Victoria Police said a virus had been detected and authorities were in discussions with RedFlex.
“Our advice at this stage is that a software virus has been detected however the camera system has not been compromised,” police said in a statement.
“We will look into all incidents detected by the speed and red light cameras during the time in question as a matter of course.

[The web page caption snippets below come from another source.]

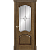 Межкомнатная дверь La Porte серия Classic модель 300.5 дуб миндаль со стеклом Арго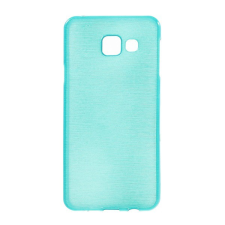 Gigapack Szilikon telefonvédő (szálcsiszolt minta) VILÁGOSKÉK [Samsung Galaxy A3 (2016) SM-A310F] (5996457644896) tok és táska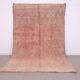 Pink Vintage Beni Mguild Rug 201 CM X 340 CM - tapis berber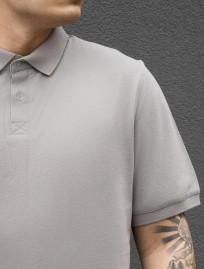 Polo Staff nt light gray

The integrity of the camera system has not been affected.
It comes after the “WannaCry” ransomware attack in May – believed to be the world’s biggest online extortion attempt – struck more than 100,000 organisations in 150 countries, including British hospitals, German rail operators and Chinese universities.
A number have incidents have since been confirmed in Australia.
Britain’s National Health Service had to turn away patients after WannaCry locked up hospital computers, forcing the closure of wards and emergency rooms.
WannaCry is believed to have emerged from North Korea.
Typically ransomware spreads by people unwittingly opening emails, clicking on unsafe links or opening attached documents infected with a malware.
But the WannaCry developers have taken advantage of an old Windows exploit (a hole in the code) that meant they could remotely access computers and install their encryptor allowing the virus to attack networks across the world.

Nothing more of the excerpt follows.